De passage à Paris, Rachid Malaoui, le combattif président du Syndicat Autonome des Personnels de l’Administration Publique (SNAPAP) a accepté de répondre aux questions de notre camarade Andrée Philippe

Par Andrée Philippe (CISA), CISA, 22 septembre 2011

Quel est l’état des luttes sociales en Algérie depuis les émeutes du début de l’année 2011 ?
Les mouvements du 5 janvier en Algérie ont été des émeutes de quartiers qui se sont déroulées sur tout le territoire national. Ces émeutes se sont déclenchées en même temps que le soulèvement populaire en Tunisie. Dans le pays voisin, les fédérations syndicales UGTT ont appuyé la révolte populaire à la différence de la Centrale. En Algérie, il s’agissait bien d’un mouvement fondé sur des revendications sociales et nous en tant que syndicat autonome nous avons appelé à ce que ces manifestations prennent un tour politique et se déroulent de manière pacifique. Il fallait sortir de l’émeute que le régime sait utiliser pour justifier la répression. Nous avons donc créé une Coordination Nationale qui a appelé à une mobilisation sur trois points : libération des détenus, levée de l’état d’urgence et le changement de régime. Ces appels ont été suivi le 12 et le 19 février et ont permis de lever le tabou de l’expression de la protestation populaire. C’est ainsi que différentes catégories se sont mises à manifester : les chômeurs, les gardes communaux, les militaires handicapés mis à la retraite, les étudiants, les médecins résidents….etc. Le pouvoir a répondu à plusieurs revendications pour calmer la situation : il a libéré les émeutiers du 5 janvier, permanisé 25 000 contractuels de l’enseignement et pris un certain nombre de mesures sociales. Au plan politique, il a décidé la levée – formelle – de l’état d’urgence et promis l’introduction de réformes politiques. Le président de la République s’est adressé pour la première fois au peuple depuis son élection en 1999. Le discours télévisé à la nation d’Abdelaziz Bouteflika est une initiative sans précédent. L’Union Européenne a soutenu ses annonces de réformes et nous en tant qu’acteurs sociaux nous avons décidé de laisser un peu de temps au pouvoir même si nous ne nous faisons aucune illusion sur la validité de ces engagements. La population souhaitait bénéficier des mesures socio-économiques promises par le gouvernement. Mais les manifestations continuaient à se dérouler un peu partout, notamment dans le sud du pays ou on observe un mouvement continuel de contestation des populations de ces régions jusqu’alors extrêmement calmes.

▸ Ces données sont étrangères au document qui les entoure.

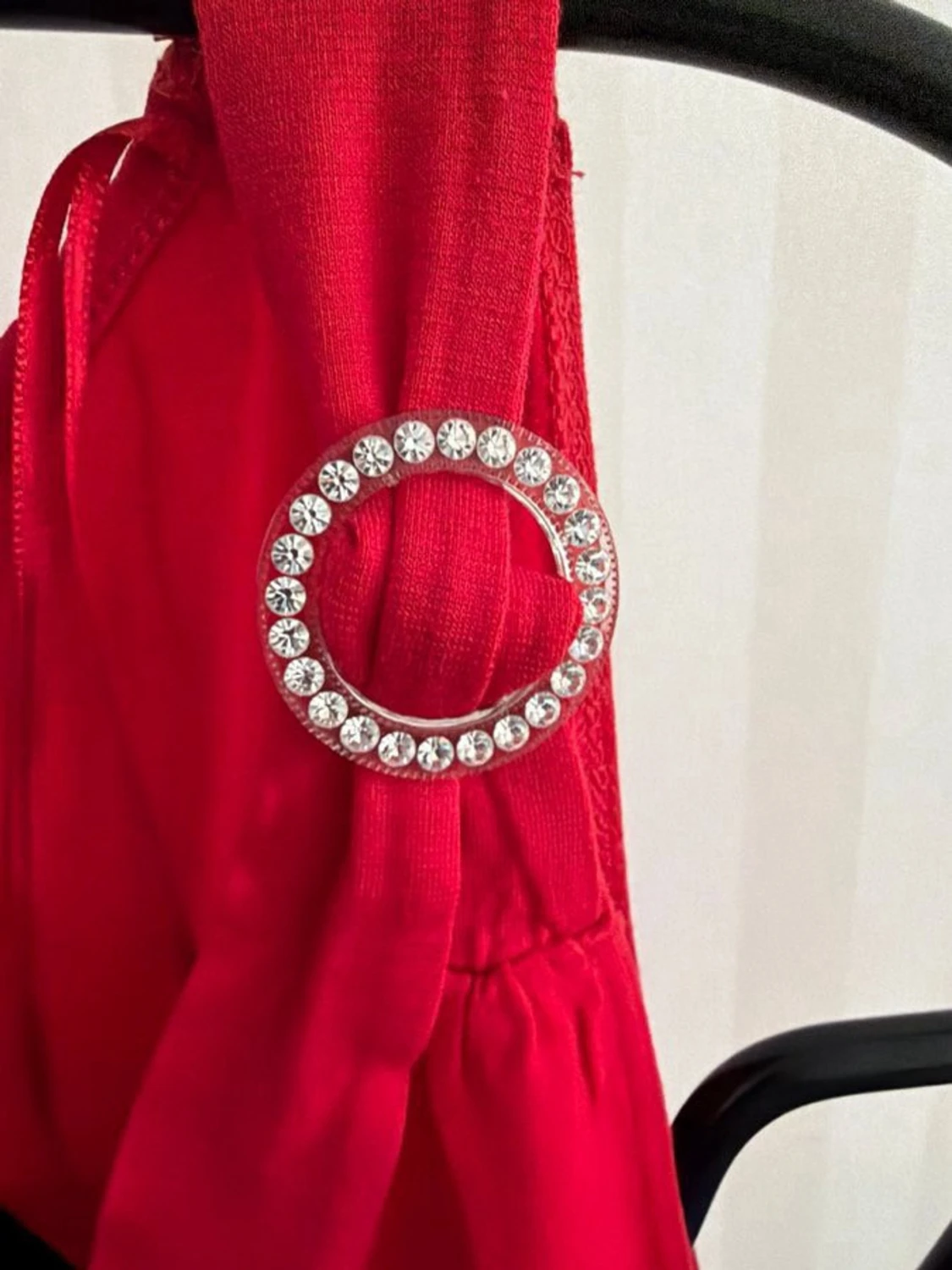 Röd linnetopp med dekorativ brosch - 2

On vous a reproché de vous être associé dans la CNCD à des partis politiques de l’opposition autorisée ?
Nous ne nous sommes pas associés à qui que ce soit. Nous SNAPAP en concertation avec la LADDH et d’autres syndicats autonomes avons appelé à une réunion ouverte dans nos locaux de la Maison des Syndicats pour prendre position face aux développements de la situation politique sociale. Ces partis sont venus d’eux-mêmes participer à cette réunion. Ces partis ont accepté de participer à la manifestation pacifique du 12 février et ont souscrit aux principes d’un changement radical du système tel qu’énoncé dans notre appel initial. A l’exception du FFS qui a rapidement quitté la CNCD, les autres partis ont essayé de s’imposer en tant que moteur de la coordination. Ces partis ont suivi le mouvement et n’ont à aucun moment piloté ou dirigé la Coordination Nationale malgré les tentatives de certains de récupérer médiatiquement le mouvement. D’ailleurs assez vite, ces partis ont tenté de noyauter le mouvement ce qui nous a conduit à décider qu’il était nécessaire de scinder cette CNCD en deux structures distinctes, l’une animée par les organisations de la société civile et l’autre par les partis politiques. Ces partis ont refusé cette option en demandant à ce que les manifestations se déroulent chaque samedi. Devant cette situation nous avons pris l’initiative de nommer notre coordination CNCD-Société Civile et d’entamer un dialogue avec la population en vue d’un changement pacifique.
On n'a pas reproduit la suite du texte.